Oxidative stress is emerging as a key factor in the pathogenesis of AD.[88] Reactive oxygen species (ROS) over-production is thought to play a critical role in the accumulation and deposition of amyloid beta in AD.[89] Brains of AD patients have elevated levels of oxidative DNA damage in both nuclear and mitochondrial DNA, but the mitochondrial DNA has approximately 10-fold higher levels than nuclear DNA.[90] Aged mitochondria may be the critical factor in the origin of neurodegeneration in AD.[89] Even individuals with mild cognitive impairment, the phase between normal aging and early dementia, have increased oxidative damage in their nuclear and mitochondrial brain DNA[91] (see Aging brain).

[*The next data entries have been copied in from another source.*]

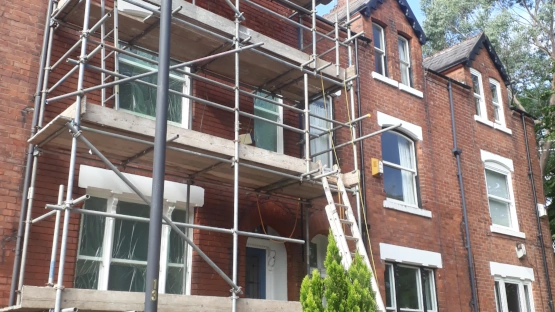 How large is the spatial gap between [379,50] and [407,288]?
5562 mm

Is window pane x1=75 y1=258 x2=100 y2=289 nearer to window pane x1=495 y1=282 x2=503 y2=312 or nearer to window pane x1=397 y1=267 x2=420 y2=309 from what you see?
window pane x1=397 y1=267 x2=420 y2=309

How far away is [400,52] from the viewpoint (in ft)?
49.2

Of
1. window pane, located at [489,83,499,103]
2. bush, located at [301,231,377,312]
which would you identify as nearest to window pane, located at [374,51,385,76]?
window pane, located at [489,83,499,103]

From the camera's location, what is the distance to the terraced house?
7.63 m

Large gene instability hypothesis

A bioinformatics analysis in 2017[92] revealed that extremely large human genes are significantly over-expressed in brain and take part in the postsynaptic architecture. These genes are also highly enriched in cell adhesion Gene Ontology (GO) terms and often map to chromosomal fragile sites.[93] The majority of known Alzheimer's disease risk gene products including the amyloid precursor protein (APP) and gamma-secretase, as well as the APOE receptors and GWAS risk loci take part in similar cell adhesion mechanisms. It was concluded that dysfunction of cell and synaptic adhesion is central to Alzheimer's disease pathogenesis, and mutational instability of large synaptic adhesion genes may be the etiological trigger of neurotransmission disruption and synaptic loss in brain aging. As a typical example, this hypothesis explains the APOE risk locus of AD in context of signaling of its giant lipoprotein receptor, LRP1b which is a large tumor-suppressor gene with brain-specific expression and also maps to an unstable chromosomal fragile site. The large gene instability hypothesis puts the DNA damage mechanism at the center of Alzheimer's disease pathophysiology.

DNA damage

Naturally occurring DNA double-strand breaks (DSBs) arise in human cells largely from single-strand breaks induced by various processes including the activity of reactive oxygen species, topoisomerases, and hydrolysis due to thermal fluctuations.[94] In neurons DSBs are induced by a type II topoisomerase as part of the physiologic process of memory formation.[95] DSBs are present in both neurons and astrocytes in the postmortem human hippocampus of AD patients at a higher level than in non-AD individuals.[96] AD is associated with an accumulation of DSBs in neurons and astrocytes in the hippocampus and frontal cortex from early stages onward.[97] DSBs are increased in the vicinity of amyloid plaques in the hippocampus, indicating a potential role for Aβ in DSB accumulation or vice versa.[96] The predominant mechanism for repairing DNA double-strand breaks is non-homologous end joining (NHEJ), a mechanism that utilizes the DNA-dependent protein kinase (DNA-PK) complex. The end joining activity and protein levels of DNA-PK catalytic subunit are significantly lower in AD brains than in normal brains.[98]